Washington, DC – U.S. Senator Kirsten Gillibrand, a member of the Senate Armed Services Committee, released the following statement today after voting against the FY’15 National Defense Authorization Act (NDAA), which passed the Senate earlier this evening:
“While there are priorities of mine that I have fought hard for in this bill, and I am proud they are in the final bill, I could not in good conscience vote in favor of this bill authorizing the arming of Syrian rebels,” said Senator Gillibrand. “I remain unconvinced this is the correct approach, and previous history suggests that arming Syrian rebels will be an ineffective solution with potentially serious unintended consequences in the long-term.”
Gillibrand pushed hard for a series of measures aimed at better assessing sexual assault in the military, in addition to protecting sexual assault survivors’ mental health records to ensure that victims aren’t afraid to seek care because their records will likely be used in courts martial.

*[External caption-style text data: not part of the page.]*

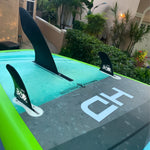 BPS Side Bite FCS Surfboard Fins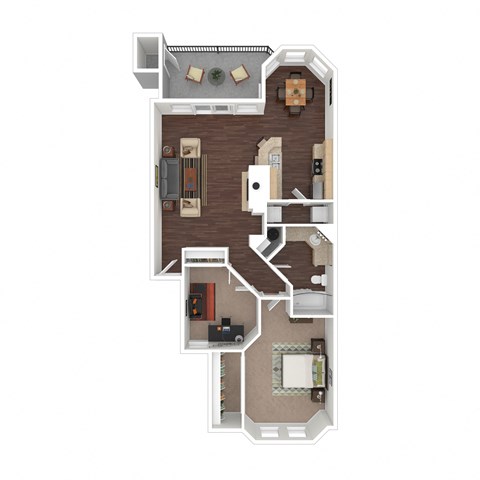 4411 Spicewood Springs 1-2 Beds Apartment for Rent - Photo Gallery 42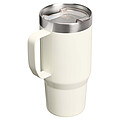 Stanley Everyday Suburban 710 ml izolovaný hrnček z recyklovanej nerezovej ocele, svetločervená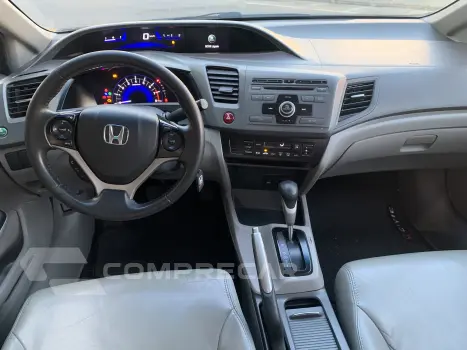 CIVIC 1.8 LXS 16V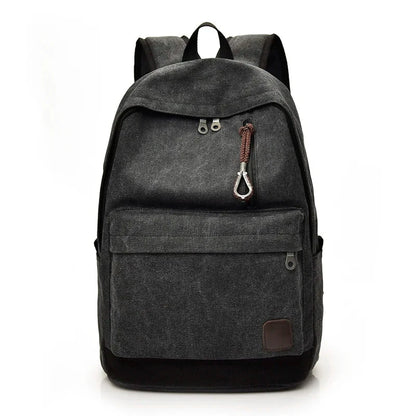 Mochila Lona Escolares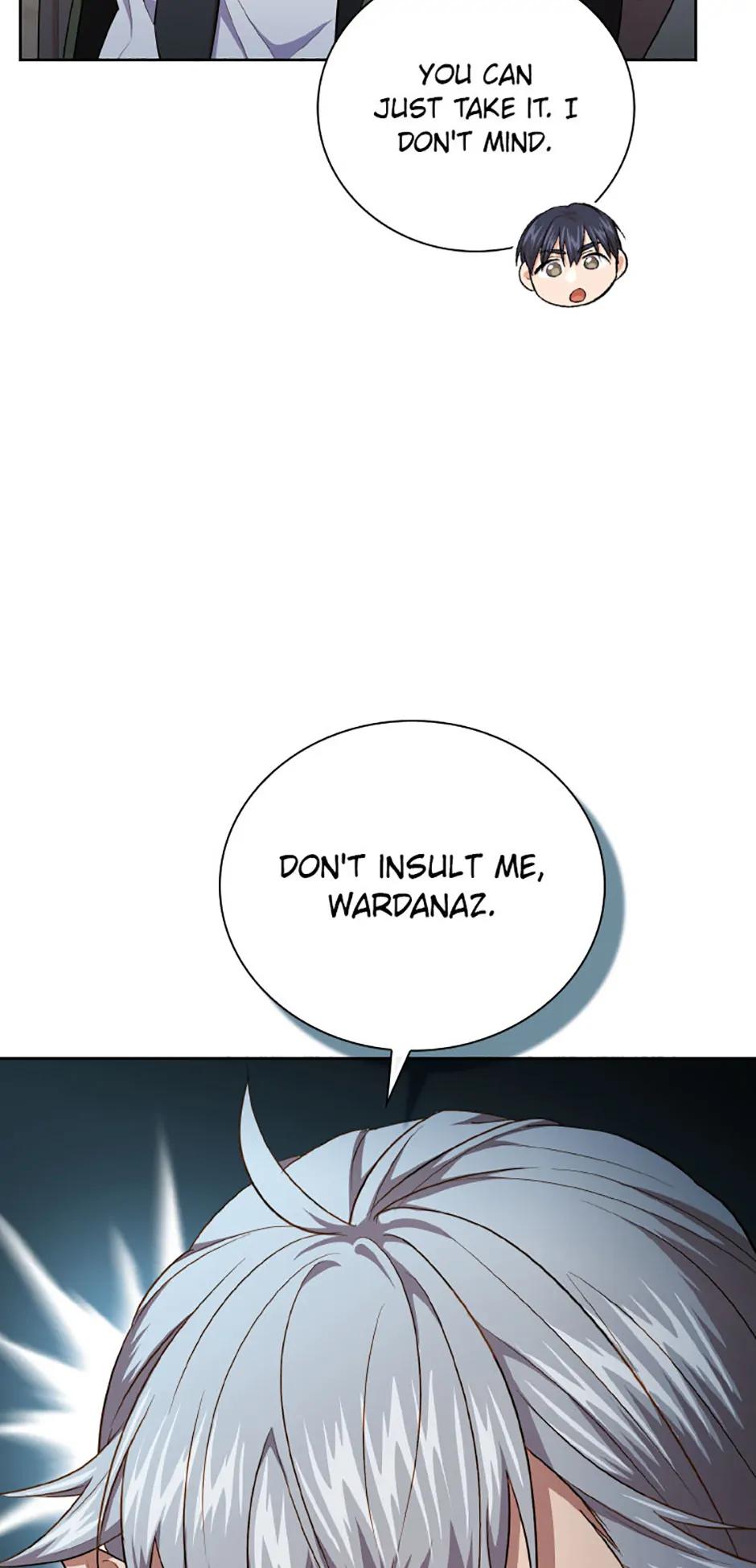 Becoming a Magic School Mage Chap 100 - Next Chap 101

Gillibrand also secured, among others, approval of a measure ensuring critical care for military children with developmental disabilities, a measure tracking the services’ progress on combat integration, and a measure directing the services to create cyber career tracks.
The following is background information of Gillibrand-led highlights in the FY’15 NDAA:
Included New Sexual Assault Measures Protecting Survivors’ Mental Health Records and Better Assessing Assault in the Department of Defense:
Gillibrand included language she wrote requiring a modification of the therapy records rule in the Military Rules of Evidence to ensure that victims aren’t afraid to seek care because their records will likely be used in courts martial. The modifications will require the military to either clarify or eliminate the current exception to the privilege when the admission or disclosure of a communication is constitutionally required.
Senator Gillibrand also included language requiring a biennial survey of Department of Defense civilians to solicit information on issues relating to sexual assault, harassment, and discrimination, and the climate within the Department of Defense. It also requires the Department to report back on the feasibility of establishing similar surveys for contractors and military dependents.
Senator Gillibrand also included a requirement that the Secretary of Defense establish a Defense Advisory Committee on Investigation, Prosecution, and Defense of Sexual Assault in the Armed Forces to serve as a watchdog that assesses sexual assault cases on a yearly basis and provides its analysis in reports to the Secretary of Defense and Armed Services Committees.
Tracking Progress on Opening Combat Roles for Women
Gillibrand got in a requirement for a Comptroller General of the United States review of the progress of developing and validating gender-neutral standards, including the effectiveness of the services’ evaluation and testing processes, and the Defense Department’s monitoring of whether the services will meet the January 2016 deadline for integration.
The bill also included a requirement that the Secretary of Defense direct the service secretaries to validate gender-neutral occupational standards as well as a requirement that the Secretary direct the service secretaries to ensure that properly designed and fitted combat equipment is available to and distributed to female members of the Armed Forces. The bill also requires the Comptroller General to review military service outreach programs and recruitment efforts focused on accessing women into the Armed Forces and to report to Congress on the results of this review.
New Effort to Ensure Health Coverage, Long-Term Care For Military Children with Developmental Disabilities
Gillibrand also fought for a provision that would protect long-term care for military children with disabilities, giving them the same access to care that non-military children currently have. Under this measure, any servicemember who invests in a Survivor Benefit Plan would be able to transfer their benefit to a Special Needs Trust. This trust would allow special needs children of deceased servicemembers to access funds for treatment without losing federal benefits that are critical to their care, such as Social Security Disability and Medicaid. This language is based on S.1076 the Disabled Military Child Protection Act of 2013 which was offered by Senator Gillibrand and Senator Kay Hagan (D-NC).
Closing Cybersecurity Skills Gap – Recruit & Train Cybersecurity Experts
In an effort to put the U.S. at the forefront of defense against cyber-attacks by recruiting and training cybersecurity experts for the Department of Defense, Gillibrand directed the services to help close the cybersecurity skills gap by examining ways to improve the recruitment and retention of cybersecurity professionals. Currently, there is no clear career track or incentive for either servicemembers or civilians to grow and progress in the cyber field.
Studying How the Department of Defense Works with Small Businesses on cybersecurity
In response to a report about the cybersecurity vulnerabilities of small business defense contractors, the Government Accountability Office will now issue a report identifying the gaps and weaknesses in the area of cybersecurity infrastructure and education.